◆ **Activity**
Everything in the entries is to be written out exactly, except for the pictures.

◆ **Dataset content**
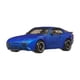 thumbnail image 2 of Auto fundido a presión Hot Wheels Premium Car Culture '89 Porsche 944, 2 of 6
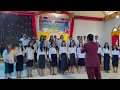 Download Lagu MARS PPGTM Paduan Suara Jemaat Kopian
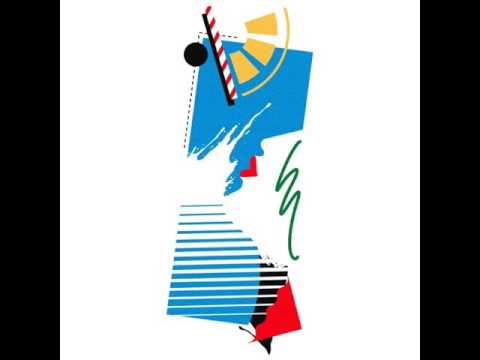 DiscoRazor - Pressure ft.Alex Lewis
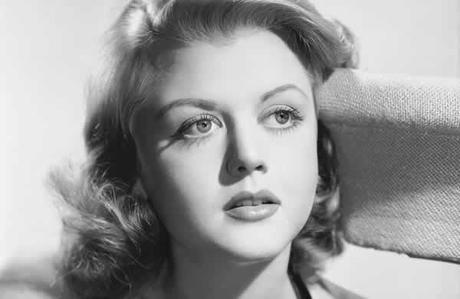 Lansbury Angela - Mémoires de Guerre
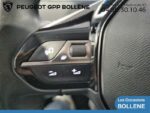 PEUGEOT 208 Les Occasions Bollène - Peugeot, Citroën, Véhicule Sans Permis - VSP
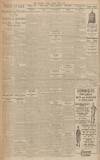 Western Times Friday 01 May 1925 Page 12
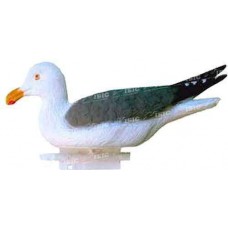 Подсадная чайка Sport PlastПодсадная чайка Sport Plast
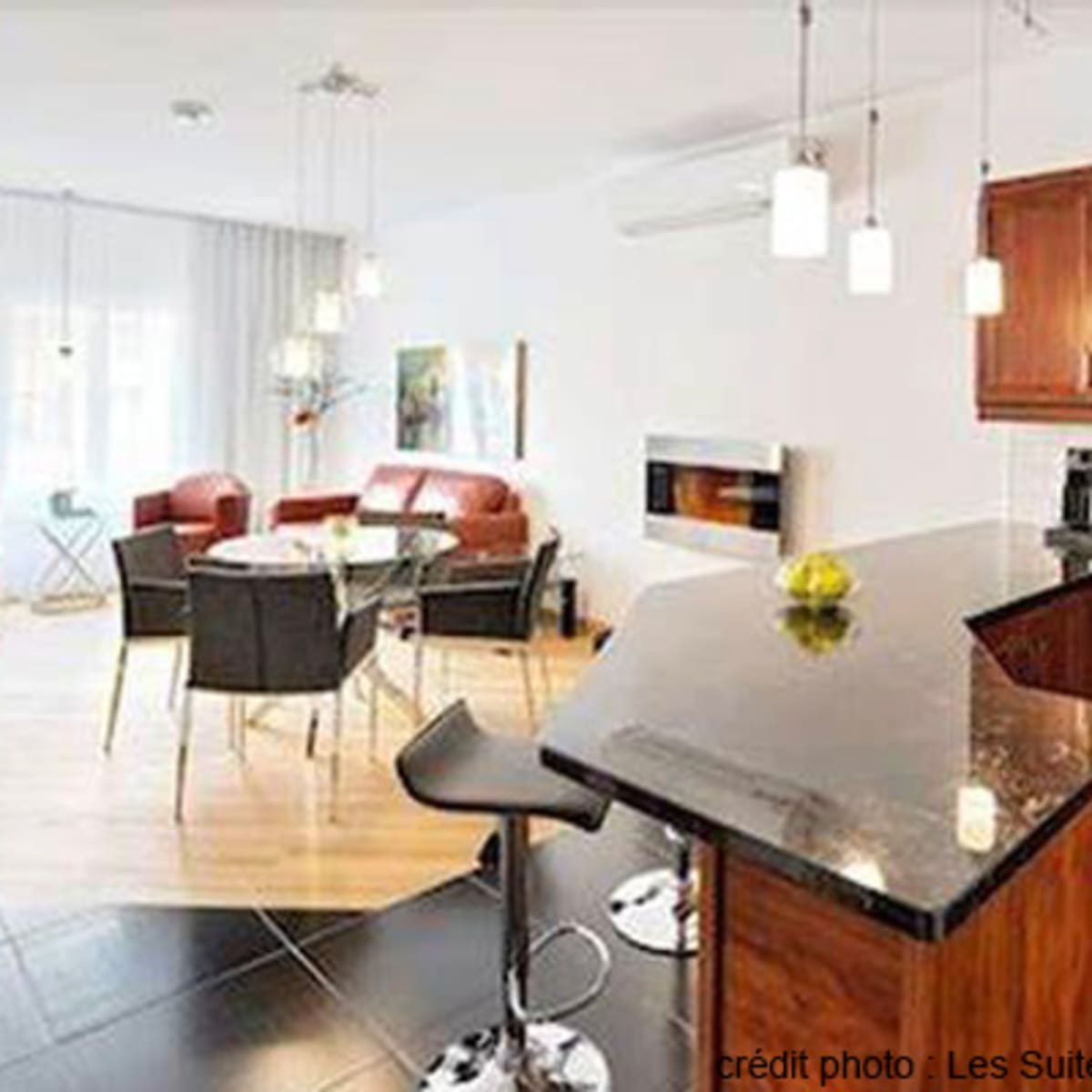 les_suites_de_laviolette_8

◆ **Exercise response**
 thumbnail image 2 of Auto fundido a presión Hot Wheels Premium Car Culture '89 Porsche 944, 2 of 6
 Download Lagu MARS PPGTM Paduan Suara Jemaat Kopian
 DiscoRazor - Pressure ft.Alex Lewis
 Lansbury Angela - Mémoires de Guerre
 PEUGEOT 208 Les Occasions Bollène - Peugeot, Citroën, Véhicule Sans Permis - VSP
 Western Times Friday 01 May 1925 Page 12
 Подсадная чайка Sport PlastПодсадная чайка Sport Plast
 les_suites_de_laviolette_8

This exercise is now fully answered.